Say no to the coal killers

Convicted killer, now Anglican priest, Evan Pederick is the perfect poster boy for the fossil fuel divestment campaign. The convicted and self-confessed terrorist has been taken into the bosom of the Anglican Church and joined forces with other churches to divest their institutions of investments in fossil fuels (and some minerals).

That other church of green ideology, the Australian National University, has done the same.

Pederick willingly and knowingly set out to destroy a life, that of the Indian prime minister, by planting a bomb in Sydney in 1978. He missed and killed three others instead. Divestment activists, perhaps unwittingly, also will harm innocent people.
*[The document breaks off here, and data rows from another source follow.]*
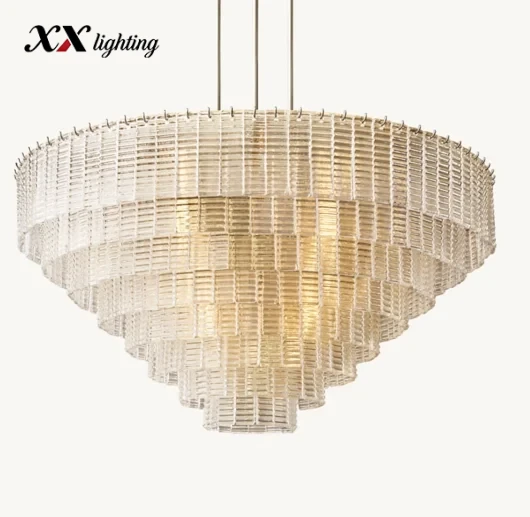Sirene Clear Glass Round Chandelier - 52", Satin Nickel
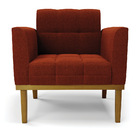 Poltrona Sala Base Madeira Fixa Castanho Kit 2 Elisa Bouclê T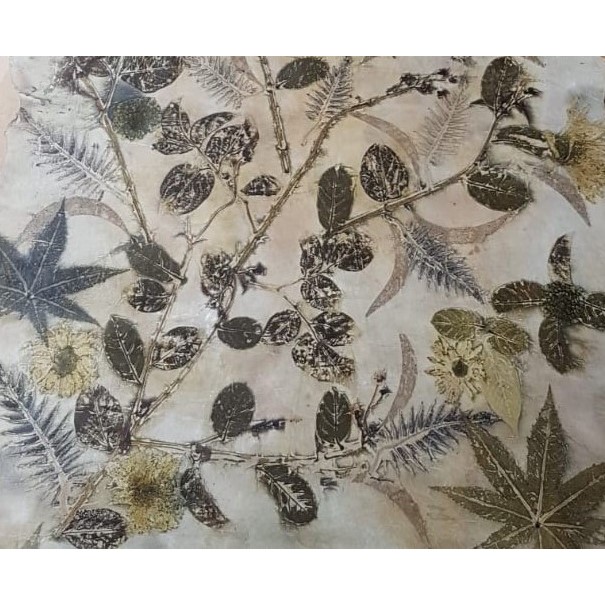 Kulit kambing Ecoprint lembaran model 1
Instead of Killers against Coal, why not Christians for Coal?

The moral calculation is simple. An effective divestment campaign would increase the cost of power and harm the poor.

It would substitute the possible risk of some harm to life from climate change decades into the future with the certain harm to life from denial of access to cheap ­energy now. An ineffective campaign, which is more likely, would waste the opportunity to put funds to better use.

Had the ANU, for example, announced that it would devote more of its (taxpayer supported) trust’s investments to low carbon energy research, building on its actual contribution to society, education, few outsiders would have quibbled. Except, of course, the trustees, who bypassed the opportunity because the investment would have been high risk and harmed its own income.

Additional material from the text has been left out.